Question

The rate law for the decomposition of gaseous $N_2{O}_5$, $N_2{O}_5\to 2N{O}_2+\frac{1}{2}{O}_2$, is observed to be:
$-\frac{d\left[N_2{O}_5\right]}{dt}=K\left[N_2{O}_5\right]$
A reaction mechanism which has been suggested to be consistent with this is:
$N_2{O}_5\stackrel{k}{\rightleftharpoons }N{O}_2+N{O}_3$ (fast)
$N{O}_2+N{O}_3\underset{}{\overset{k_1}{\to }}N{O}_2+NO+O_2$ (slow)
$NO+N{O}_3\underset{}{\overset{k_2}{\to }}2N{O}_2$ (fast)
Show that the mechanism is consistent with the observed law.

Answer 1

Given reaction :

$N_2{O}_5\stackrel{k}{\rightleftharpoons }N{O}_2+N{O}_3$ (fast)...(i)

$N{O}_2+N{O}_3\stackrel{K_1}{\to }N{O}_2+NO+O_2$ (slow)...(ii)

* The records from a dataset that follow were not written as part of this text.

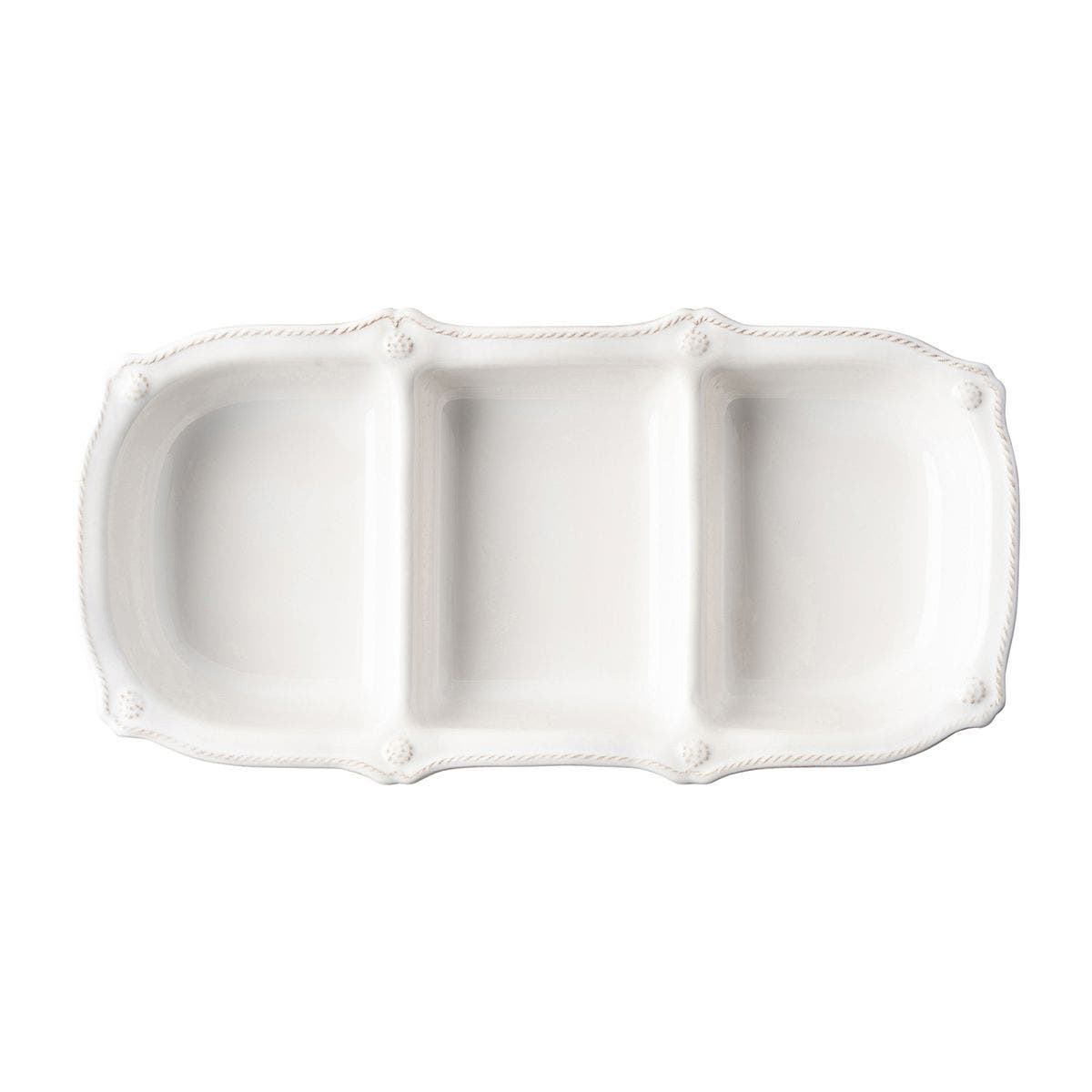 The Juliska Berry & Thread Whitewash Triple Section Server is a rectangular ceramic tray with three compartments and a decorative edge, perfect for stylish serving.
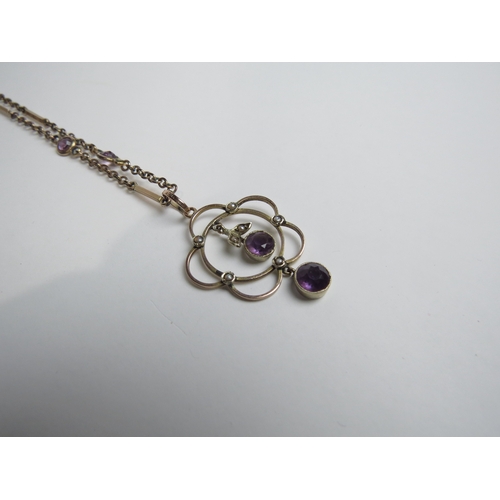 7027 - An Edwardian amethyst and seed pearl pendant, stamped 9ct hung on a gold chain with amethyst spacers... 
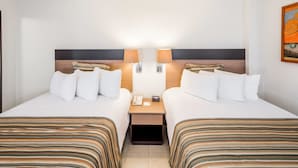 Habitación de hotel con dos camas, cada una con ropa de cama a rayas, una mesita de noche con lámpara y un cuadro en la pared.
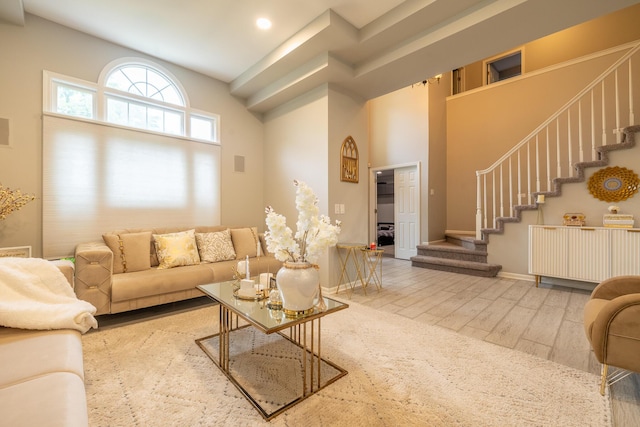 45801 Henley Dr, Canton, MI 48187 - living room featuring stairs, wood finished floors, and recessed lighting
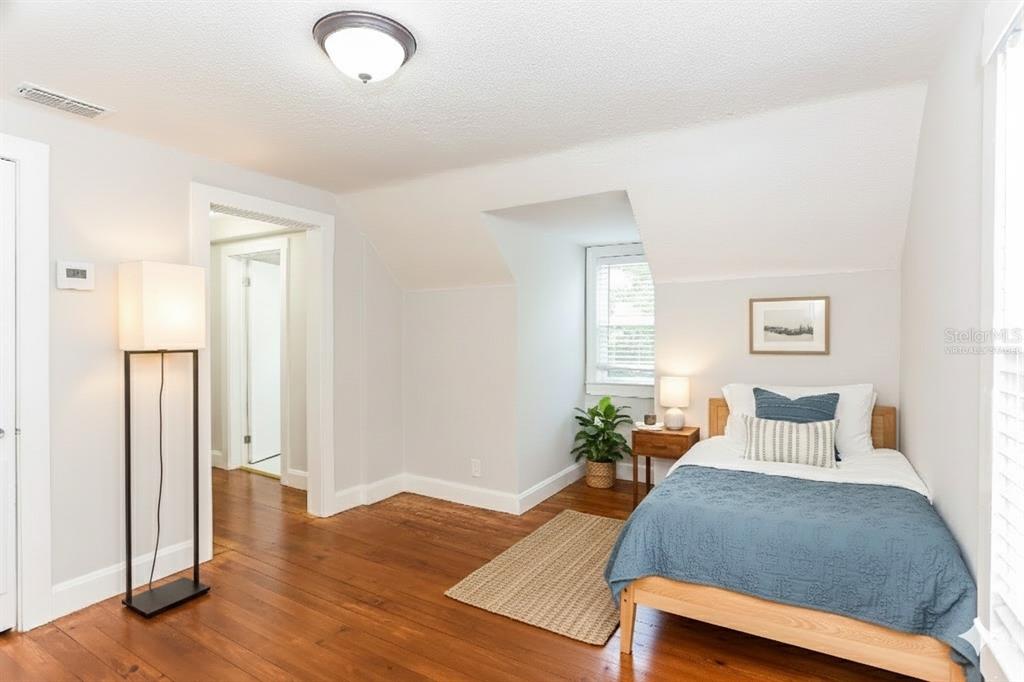 A bedroom with hardwood floors, a single bed, and a dormer window — 4571 PARK STREET, JACKSONVILLE, FL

$NO+N{O}_3\stackrel{K_2}{\to }2N{O}_2$ (fast)...(iii)

To Prove

$\frac{-d\left[N_2{O}_5\right]}{dt}=k\left[N_2{O}_5\right]$

Let us consider $k_f$ and $k_b$ are the rate constant

for forward and backward reaction

Assume $k=\frac{k_f}{K_b}$

Rate of the slow step $=$ rate of the reaction

$R=K_1\left[N{O}_2\right]\left[N{O}_3\right]...\left(iv\right)$

$\left[N{O}_3\right]$ is an intermediate Hence we apply the

steady state approximation

$\frac{d\left[N{O}_3\right]}{dt}=k_f\left[N_2{O}_5\right]+K_b\left[N{O}_2\right]\left[N{O}_3\right]-k_1\left[N{O}_2\right]\left[N{O}_3\right]-K_2\left[NO\right]\left[N{O}_3\right]=0$

$k_f\left[N_2{O}_5\right]=k_b\left[N{O}_2\right]\left[N{O}_3\right]+k_1\left[N{O}_2\right]\left[N{O}_3\right]+K_2\left[NO\right]\left[N{O}_3\right]$

$\left[N{O}_3\right]=\frac{k_f\left[N_2{O}_5\right]}{k_b\left[N{O}_2\right]+k_1\left[N{O}_2\right]+k_2\left[N{O}_2\right]}$

Putting the value in eqn (iv)

$R=\frac{k_1\left[N{O}_2\right]k_f\left[N_2{O}_5\right]}{k_b[N{O}_2+k_1[N{O}_2]+k_2[NO]}$

Concentration of $\left[NO\right]$ and $\left[N{O}_2\right]k_1$ can be neglected because

they are generated in slow step

$\frac{dR}{dt}=\frac{k_1\left[N{O}_2\right]k_f\left[N_2{O}_5\right]}{k_b\left[N{O}_2\right]}=k_1\left[N_2{O}_5\right]\frac{k_f}{k_b}=k_{1}k\left[N_2{O}_5\right]=k\left[N_2{O}_5\right]$